• _Problem details_:
Reproduce the data in full, exactly as given, leaving images out.

• _Dataset extract_:
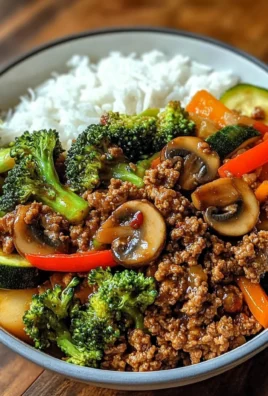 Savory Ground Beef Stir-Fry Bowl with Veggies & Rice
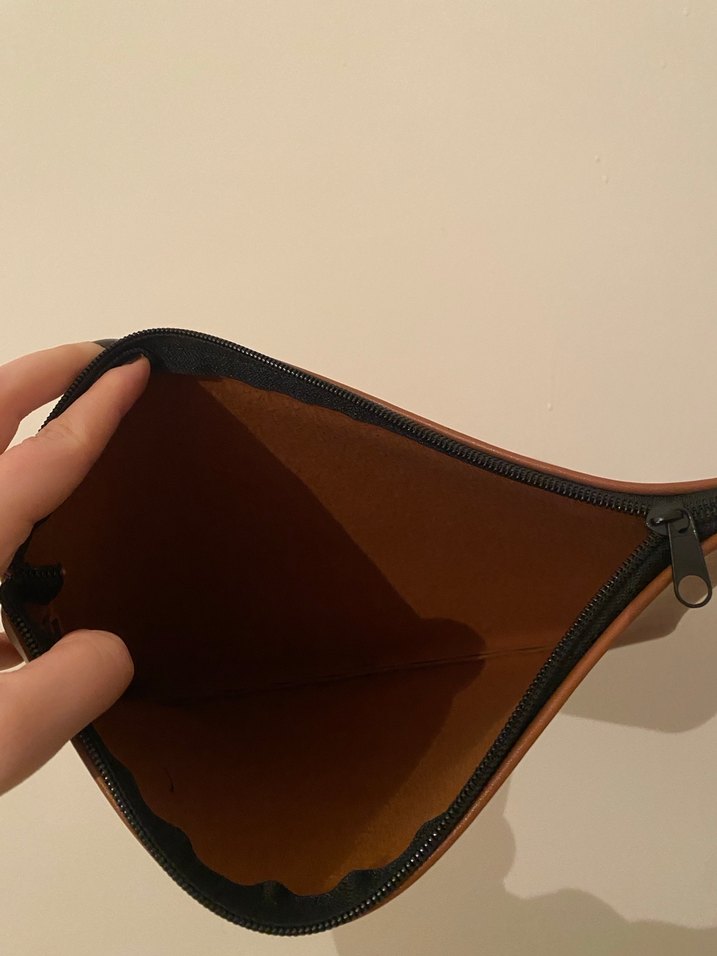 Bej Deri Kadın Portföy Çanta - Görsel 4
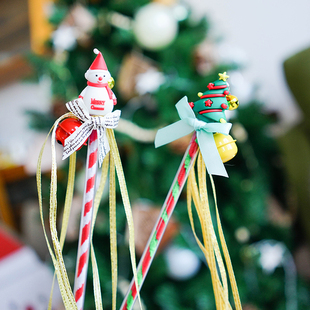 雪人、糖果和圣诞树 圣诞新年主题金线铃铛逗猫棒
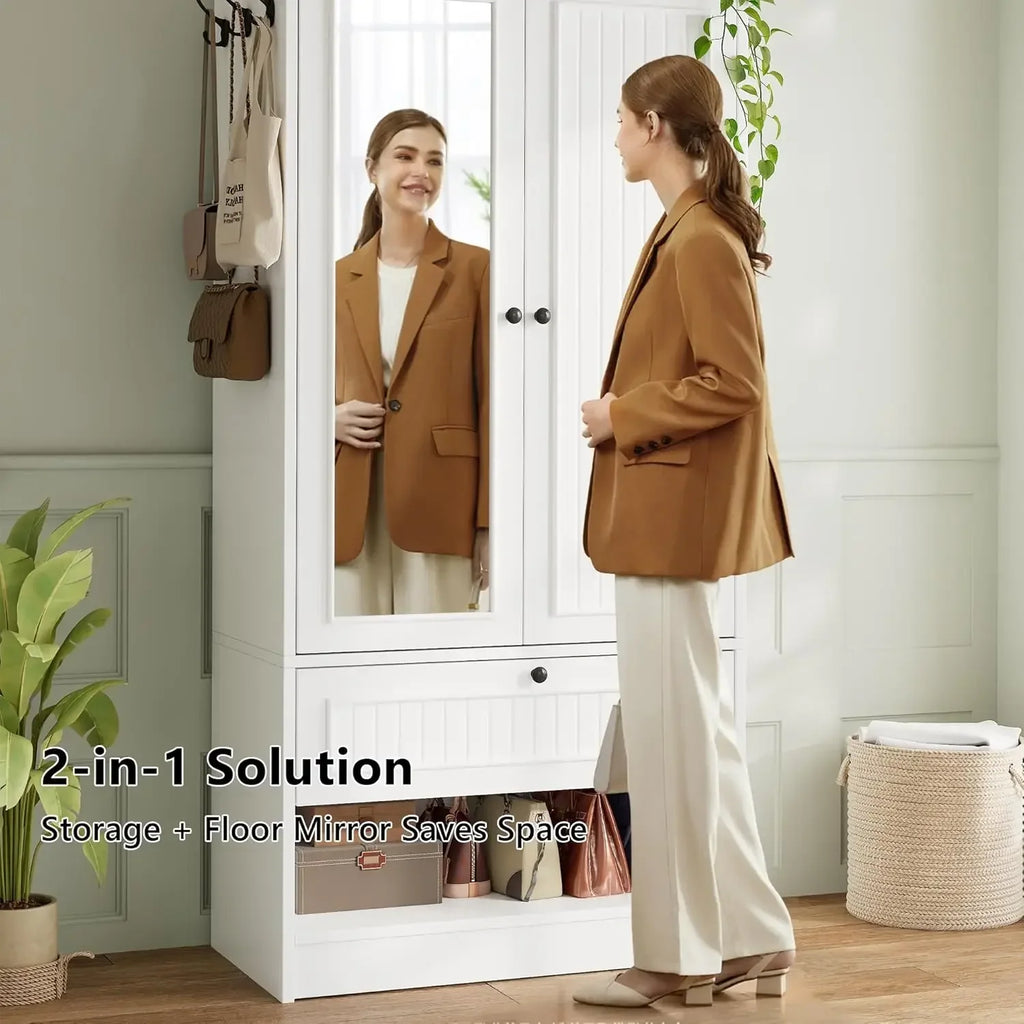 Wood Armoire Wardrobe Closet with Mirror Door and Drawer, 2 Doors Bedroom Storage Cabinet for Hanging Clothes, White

• _Finished exercise_:
 Savory Ground Beef Stir-Fry Bowl with Veggies & Rice
 Bej Deri Kadın Portföy Çanta - Görsel 4
 雪人、糖果和圣诞树 圣诞新年主题金线铃铛逗猫棒
 Wood Armoire Wardrobe Closet with Mirror Door and Drawer, 2 Doors Bedroom Storage Cabinet for Hanging Clothes, White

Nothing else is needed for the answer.